The only thing that I consider of note here is that the reader macros @ and &, which you can read about in my previous blog post, are defined in the parser. Carp does not have an extensible reader macro system and is as such closer to Clojure than Common Lisp.

The Eval module

This is where it gets a little icky. The single largest module in the Carp codebase is the Eval module. It is around a thousand lines of code, which isn’t terrible. It’s pretty long for a Haskell module, but it’s not the largest I’ve seen. What’s bad about it is that it does a lot of things and has no clear boundaries around its goals. A nice way to put it would be that it’s “the heart of the compiler”, but I’d argue that it’s just in dire need of a refactor.

Once invoked, it will perform a fold over the parsed source code in AST form to generate and execute Commands. Commands are the concept that makes Carp’s REPL so different1, more of a view into the compiler than an interactive expression evaluator. There are two commands that will be generated at this time: ReplEval and ListOfCallbacks.

ReplEval is where it’s at, so I will start with ListOfCallbacks. It is a simple data structure that holds a list of commands that will be performed in sequence, enabling us to chain shortcuts. You can see that in action when typing, for instance, :bx at the REPL, which is a shorthand for writing :b and :x in sequence, or (build) and (run). It is thus just a convenient wrapper for us at the REPL.

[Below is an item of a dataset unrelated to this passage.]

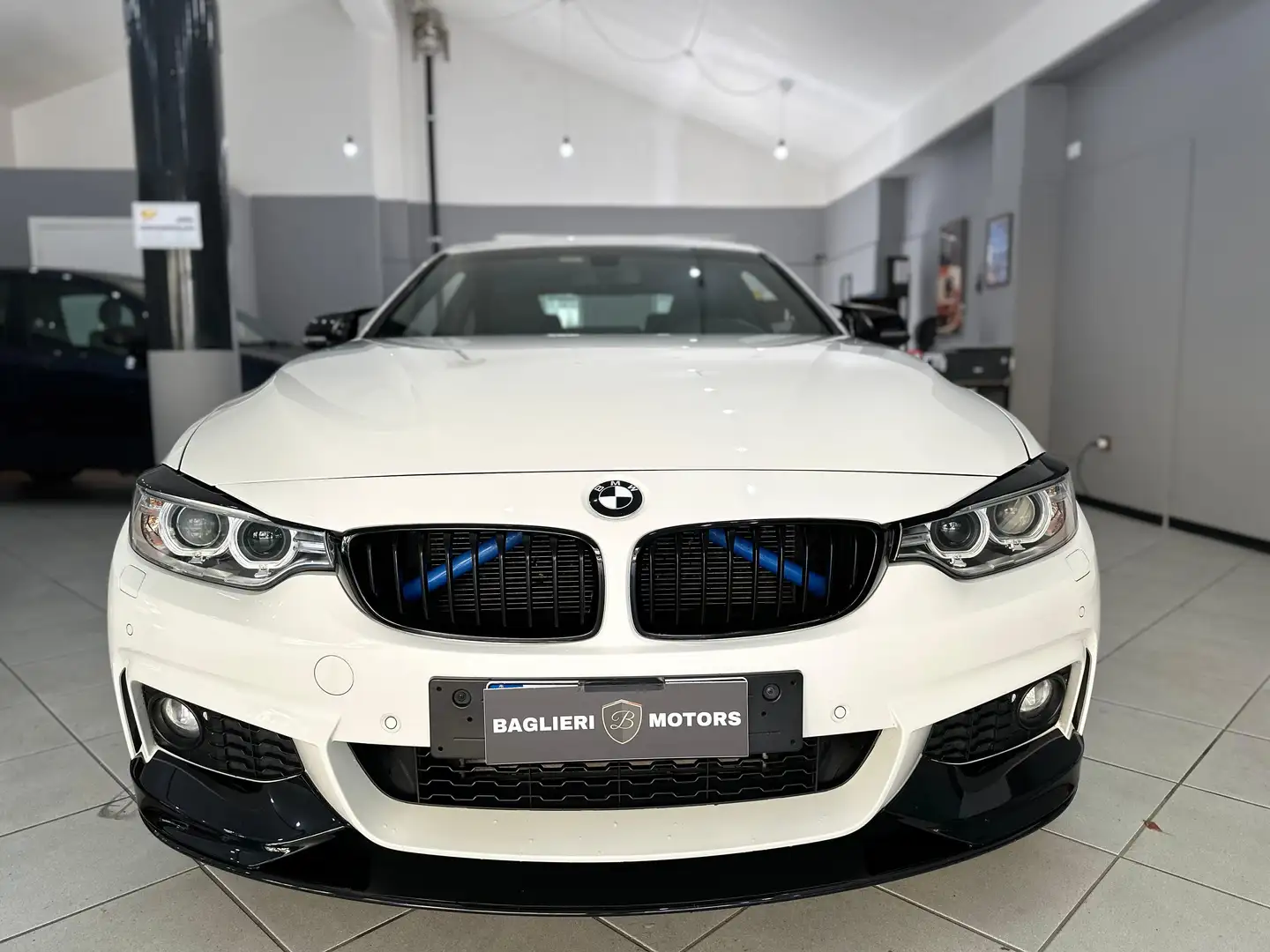 BMW 420 Serie 4 F32 Coupe xdrive Msport 190cv Auto Euro6 Blanc - 2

As you might have guessed at this point, this leaves ReplEval with the thankless job of doing literally everything else. It will be passed into the eval function, which performs some of the things that you might expect an interpreter to do, but some are suspiciously absent—this is just the first pass after all, and we are not trying to interpret the source code so much as to make it palatable for our backend.

ev(a|i)l

I’m not going to cover all the things that the evaluator is doing, but I’ll try to give you a brief overview of a function-abomination that is 450 lines of code long, and spends most of its time in various case statements. That’s not quite as horrifying as CPython’s infamous switch, but it’s bad enough for me to rant—sorry Erik, but I know you feel similarly.

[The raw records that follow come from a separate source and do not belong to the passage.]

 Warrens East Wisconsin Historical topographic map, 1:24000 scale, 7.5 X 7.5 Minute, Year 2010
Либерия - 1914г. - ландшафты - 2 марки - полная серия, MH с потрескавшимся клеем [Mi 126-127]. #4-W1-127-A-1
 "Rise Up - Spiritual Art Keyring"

Disclaimer: this section is fairly mean to Carp. I love the language, but I try to be open about its current imperfect state. This is not a marketing campaign.

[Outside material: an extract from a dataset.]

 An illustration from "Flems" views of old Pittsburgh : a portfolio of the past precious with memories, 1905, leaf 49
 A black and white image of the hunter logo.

First, the evaluator will check what general flavour of Obj it has received. If it’s a list, it will call the local function evalList, which does most of the work. The other two flavors it cares about are symbols and arrays, which get their own special functions; if it receives something else, it will just parrot it back to the caller; this is one of the REPL’s “features” that will confuse you the first time you run it, and we should probably do something about it.

If we have a symbol in front of us, evalSymbol will try to look it up, and if it fails give you an error. If it succeeds, it will return the value, but the REPL prints… nothing. Let’s try not to think about that one too much. It makes sense if not used on the top-level, where we actually might need bindings, for example in dynamic functions—we’ll talk about those in the section about macro evaluation.

Arrays are weird as well, at least on the top-level. They are homogeneous by design, because, you know, they’re C arrays. If you work on the REPL, however, the type checker will not take effect, so we can do things such as writing [1 "hi" \2], and Carp won’t think twice about it. That’s all well and good, except it really isn’t in the REPL sense. For macros, again, this makes sense, as we will see later.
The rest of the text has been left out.